1. Install the TowPro module, and wire in under the rear seat. Used 2 of the 4 wires available. The Blue orange one I did not use, as there has been conflicting reports on weather it works, so ran my own brake wire (red). TowPro black wire - Power was taken off the Yellow / Red constant 12v, and fused to Fl13 fuse in the main fuse panel (Picture 1 and 2 ). Confirmed no power when fuse pulled.
TowPro white wire - ground. Good ground point to chases under where TowPro mounted.
TowPro Blue wire - Control wire to Grey wire. This was modified at the rear of vehicle (explain later).
TowPro Red ran my own to rear of vehicle from grommet in the floor, and sheathed in flex split conduit.
2. Rear of vehicle. There is a 400mm wiring loom extension on this Quartermaster, which makes access easy. (picture 3, and 4)

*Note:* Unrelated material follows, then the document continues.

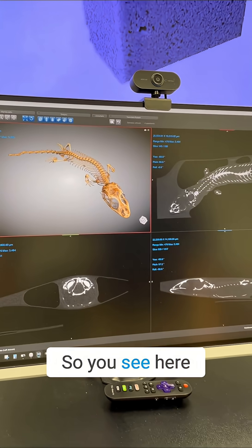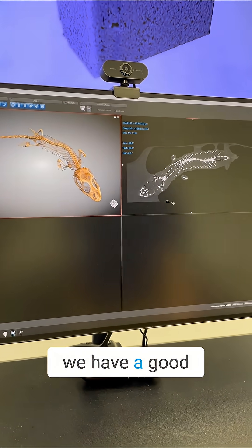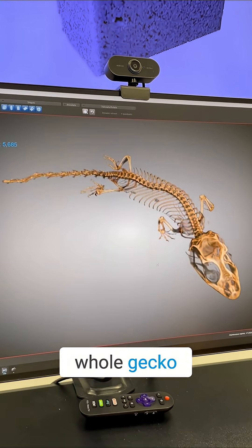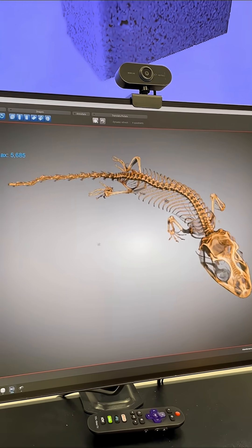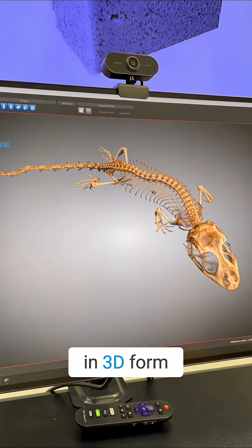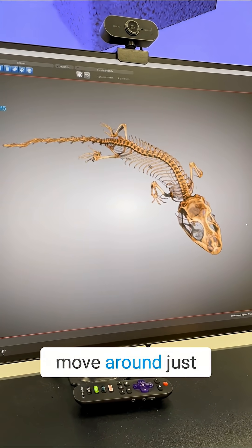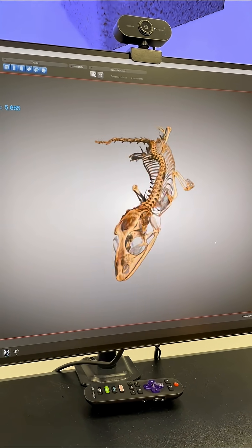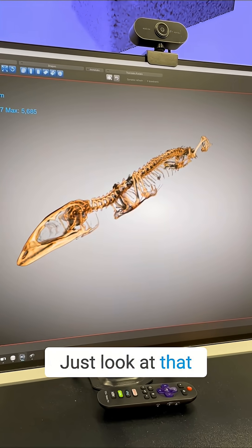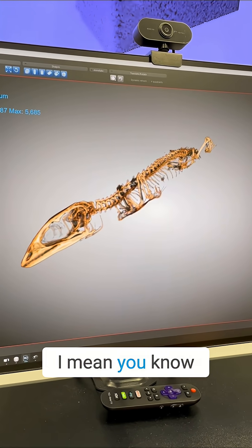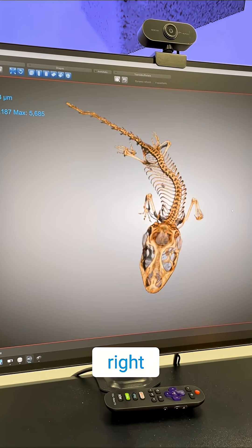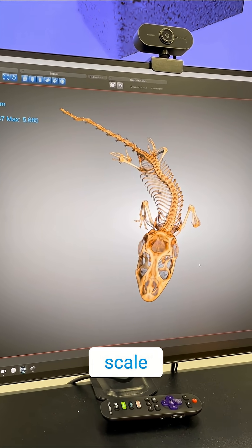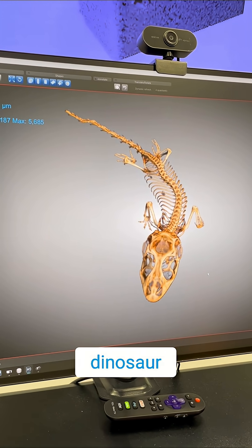So you see here, we have a good capture of the whole gecko in 3D form, and you can just move around — just look at that. It's always fun to look at CT data. Without a scale, it looks like a dinosaur.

Looking at the wires coming to the connecter, the grey has no pin on the pigtail. I ended up using pin 8 reverse for the Control wire, as there is no pin 12 in the plug, and can't source in FNQ a pin puller to remove it from the 13 pin socket. I was able to use a small jewlers screwdriver to remove the purple wire in the connector of the short loom which is the Reverse light wire (pin 8 in the socket) I moved this pin to the one that correlated with the grey wire fed into, but had nothing coming off.
3. Connected the Redarc diode in line with the red wire and blue / orange of the wiring loom. Wire coming from car or signal - to orange of diode. Red wire to red feed from under the seat. Other red end to the blue orange going to socket.

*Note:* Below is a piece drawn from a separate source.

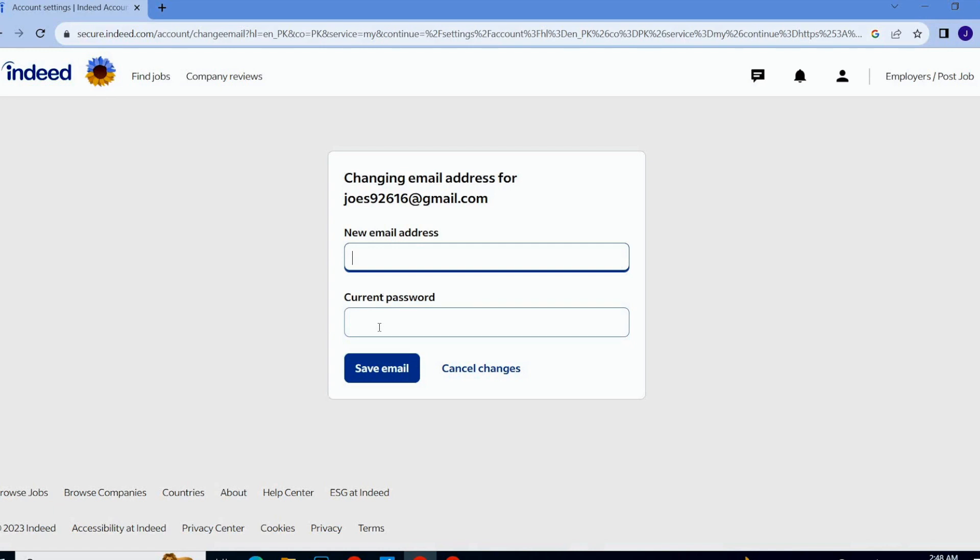So guys, once I save email then my email address will be changed on Indeed. By using this method you can also change your email address on Indeed.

4. At my 13 pin to 7 pin flat. Was able to take the blue wire from pin 12, and move it to pin 8. I taped and folded this brown reverse wire back up into the loom Will re instate if I ever need a reversing light on a trailer (picture 5) I do get a reverse lamp warning when going into reverse, but I know why. Goes away when I shift out of reverse.

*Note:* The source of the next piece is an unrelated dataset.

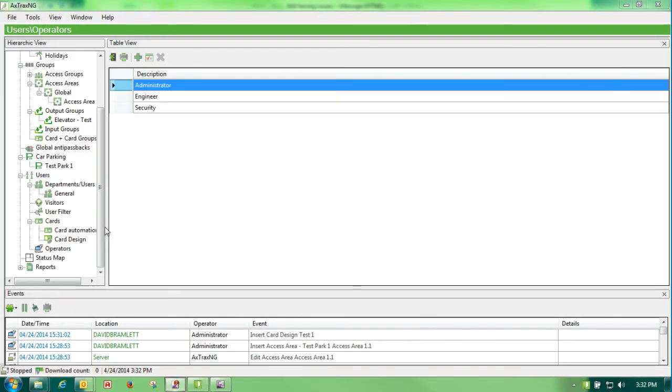Our next discussion is operators. Operators are our login, password, username and passwords.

5. Running the control knob - I checked first if the system worked and calibrated before running this wire. It worked flawlessly! I then ran my extended wire from under the back seat to under the panel at the bottom of the door. I then ran it up under the rubber seal on the inside of the rear door, and up under the interior ceiling to the rear of the cab. Pulled the plastic trim piece from above the window, and exposed gap between the ceiling and roof. Undid the four screws on the upper control panel end, and was able to unsnap and swing the panel down. Found a clear spot and drilled a small hole, and used a step drill to enlarge it to fit the control knob. I fed a wire puller under the roof liner and roof to the back of the cab. fished it out, and taped the cable to it. was easy to pull through. Plugged into control knob, and closed everything up again. (Picture 6 and 7)
Happy with today's progress, and no sparks when I plugged the fuse back in.